問題となった激辛ポテトチップス(株式会社磯山商事の公式ホームページより)

 2024年7月16日、都内・大田区の高校1年生約30人が激辛ポテトチップスを食べた後、14人が体調不良を訴えて救急搬送された。

「1人がポテトチップスを持参し、昼休みの間に友人たちと食べたようです。そのポテトチップスには “18禁” という表記があり、食べた生徒はお腹の痛みや吐き気、そして口の痺れなどを訴えました」(社会部記者)

 ポテトチップスの販売元「株式会社磯山商事」のHPを見ると、「18歳未満は食べるの禁止!!」と表記された “18禁シリーズ” がある。ラインナップには、カレーや、カップラーメン、チョコレートなどが並び、それぞれ『タバスコの200倍以上』とされるブットジョロキアという赤唐辛子が使用されているという。

 報道を受けて、磯山商事は、

《18禁カレーチップスを召し上がった高校生が病院へ救急搬送されたとの報道に接しましてお客様はじめ、関係各位に対し多大なるご迷惑をおかけいたし申し訳ございません》

 と謝罪コメントを公式サイトに掲載。一連の流れに、Xではさまざまな意見が飛び交っている。

《18禁シリーズはマジでだめ カレーで1番優しいやつでさえ3口でギブアップするガチの殺戮兵器》

《まぁかなり前から18禁カレーとか出してたし、警告文を理解したかしないかわからんけど、それでも食べた高校生側の自己責任じゃ》

《激辛好きだけどこれはもう一度食べたいとは思わんにしても自己責任なのにこれで製造会社が謝罪するのは…世間体とか気にしたんだろうけど…》

 海外では死亡事例もある “激辛食品” だが、なにがそれほど体にダメージを与えるのだろうか。五良会クリニック白金高輪理事長、五藤良将医師が解説する。

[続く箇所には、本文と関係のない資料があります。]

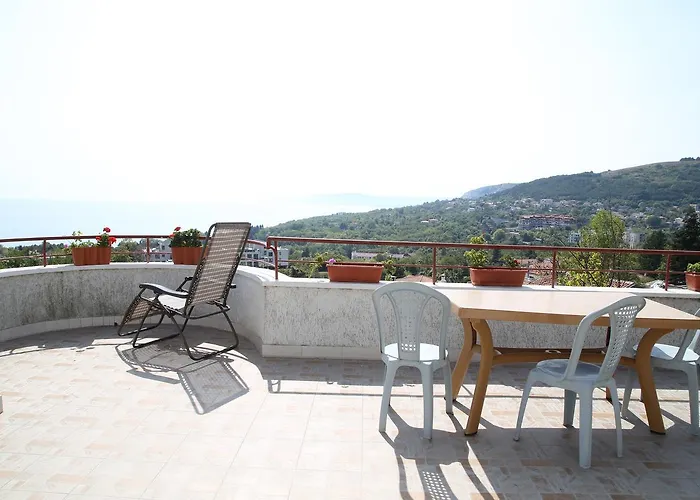 Guest house Popov 2*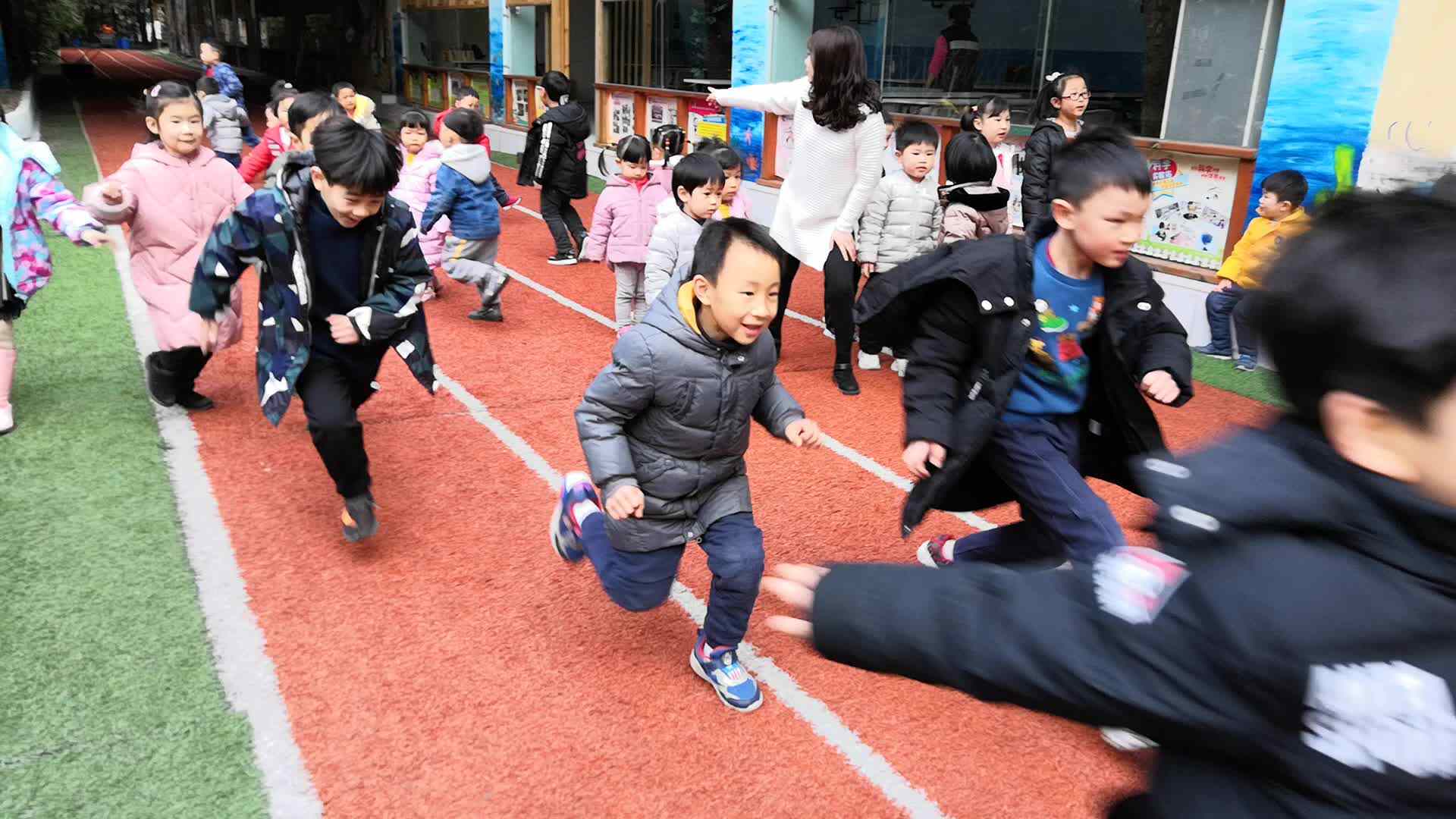 运动
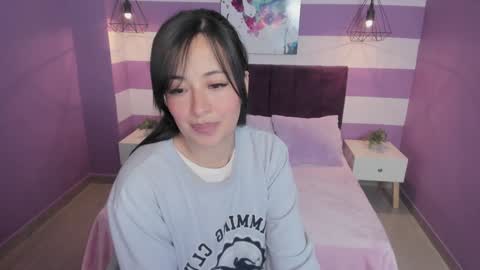 Snapshot of goddess_martina chatting on 12-13-24, 12:09 M A R T I N A online show from 12-13-24, 12:09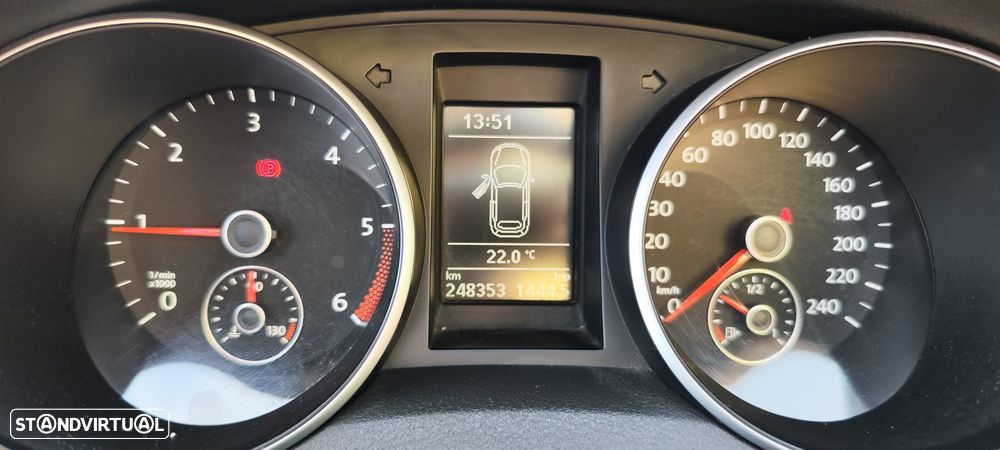 VW Golf Cabriolet 1.6 TDi BlueMotion - 18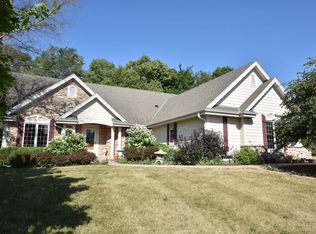 W147N9717 Emerald Ln, Germantown, WI 53022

「一般的な食事に出てくる “辛さ” は、うまみを増すものも多いため、生徒たちは、今回の激辛ポテトチップスの危険性について想像することができなかったのでしょう。

 もちろん、辛いものは適量であれば、血行促進や胃粘膜保護作用が働き、胃潰瘍ができにくくなるなどの健康効果があると言われていますが、過剰に摂取すると、最悪死んでしまう可能性があるんです」

 その原因となるのは、唐辛子に含まれる “カプサイシン” だ。

「カプサイシンを摂取すると、TRPV1受容体の活性化により神経細胞が興奮状態になります。これにより、辛さを脳が熱や痛みとして感じるようになります。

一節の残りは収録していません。